> _Data below_:
******************************

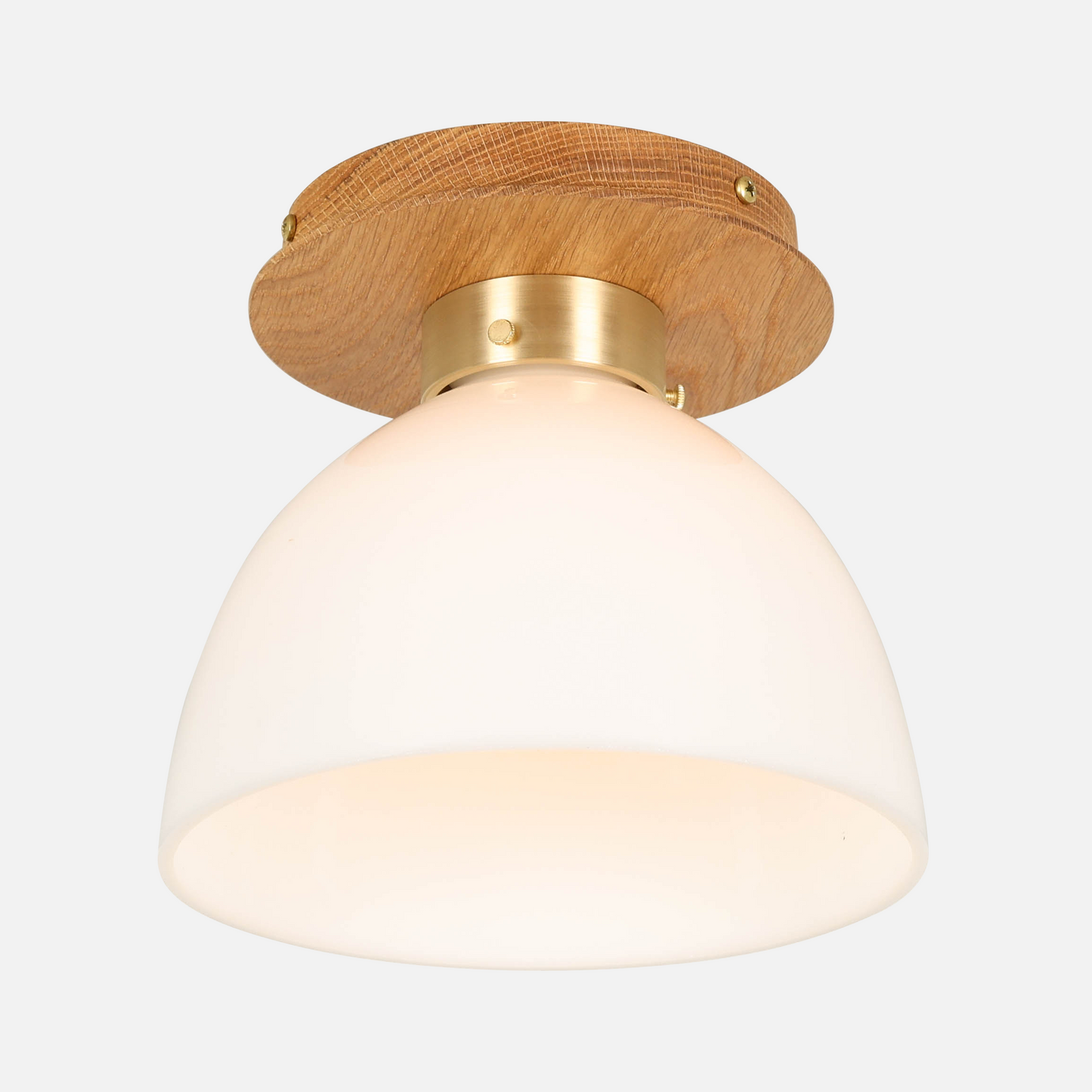 Opal Flush Mount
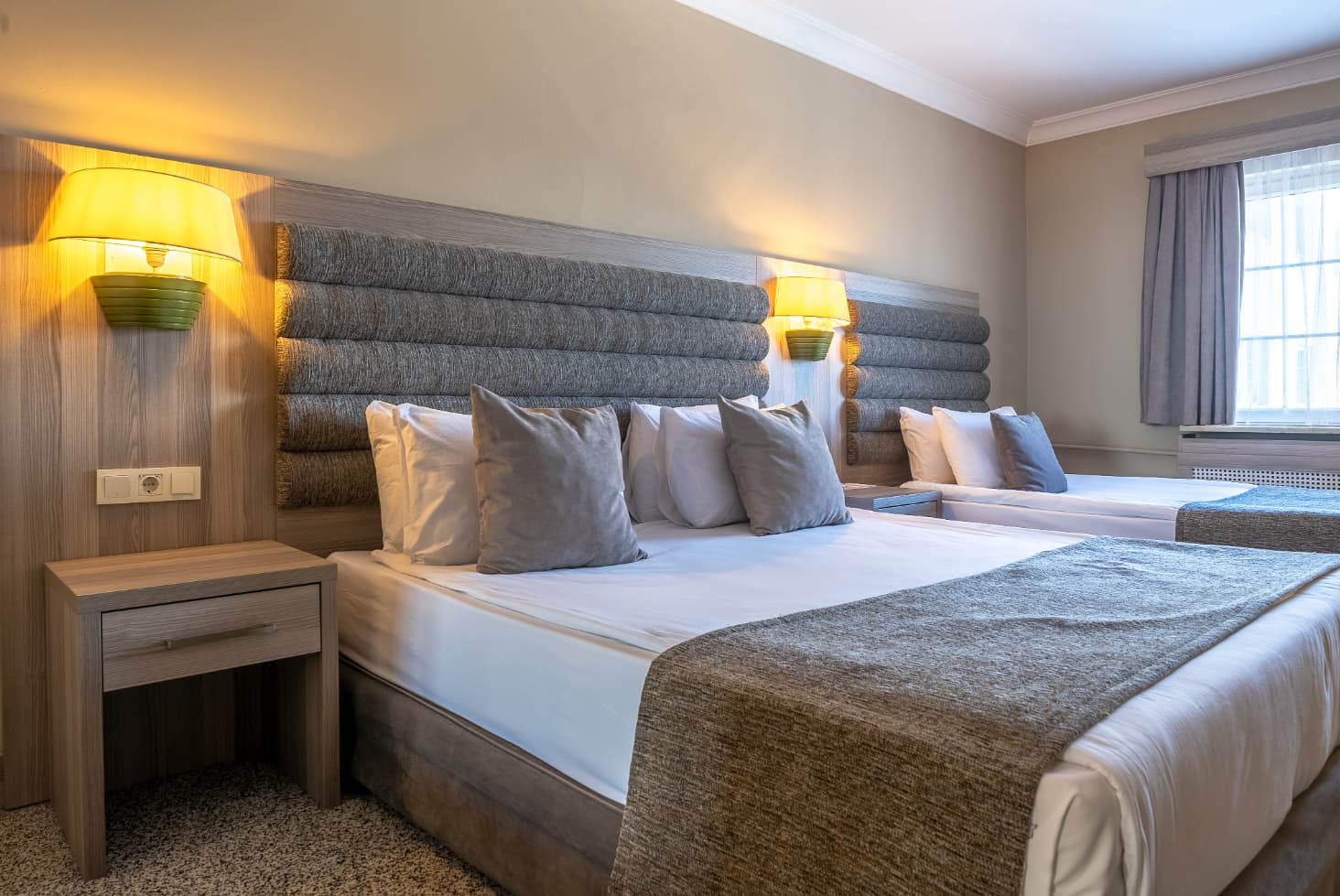 Grand Yazıcı Uludağ Ski Hotel Spa-263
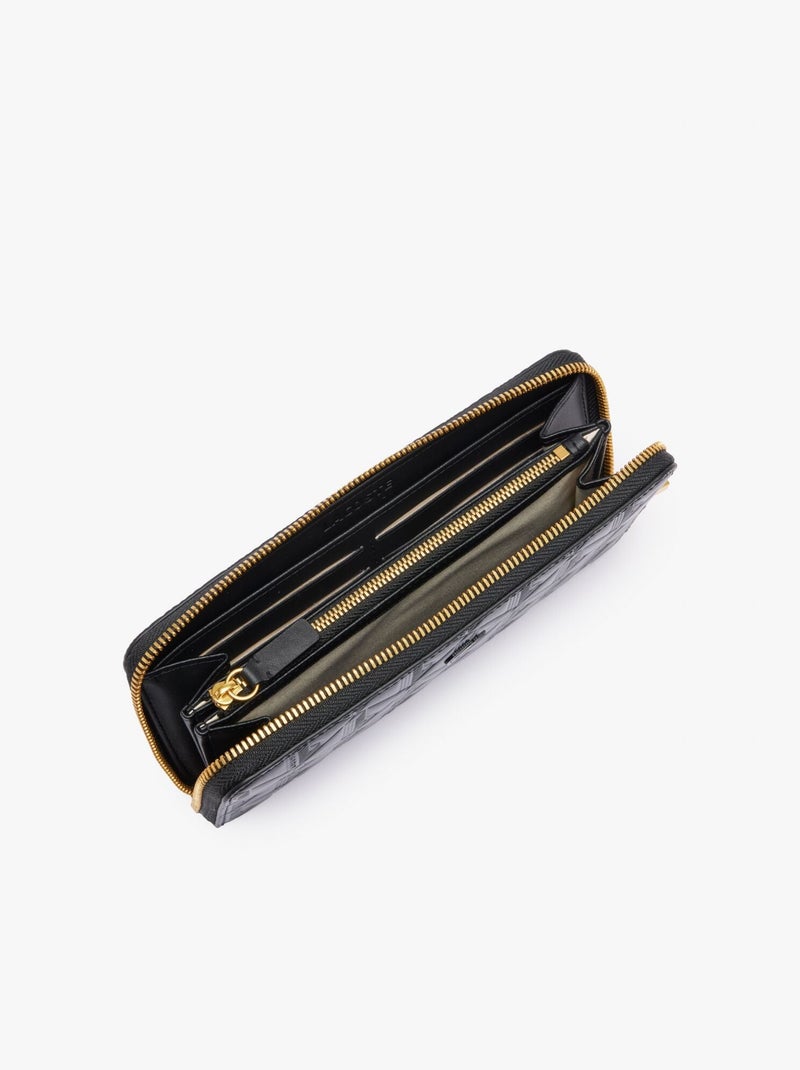 Compagnon Maheki Lacoste Noir - Kiabi
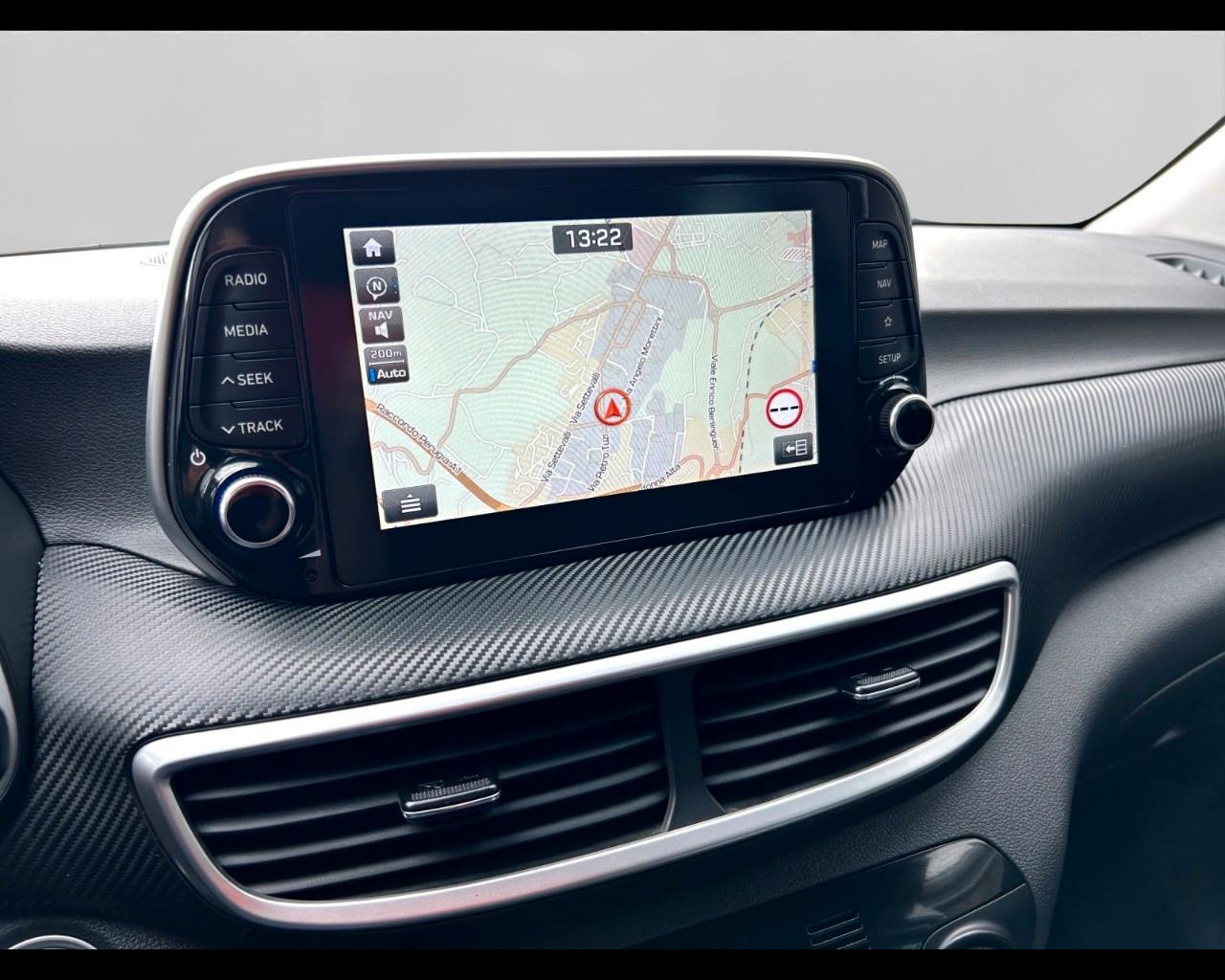 HYUNDAI Tucson II 2018 - Tucson 1.6 crdi 48V Xprime 2wd 115cv my20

******************************

> _Instructions to follow_:
Return the material exactly as given above, picture-free.

> _Answer to the exercise_:
 Opal Flush Mount
 Grand Yazıcı Uludağ Ski Hotel Spa-263
 Compagnon Maheki Lacoste Noir - Kiabi
 HYUNDAI Tucson II 2018 - Tucson 1.6 crdi 48V Xprime 2wd 115cv my20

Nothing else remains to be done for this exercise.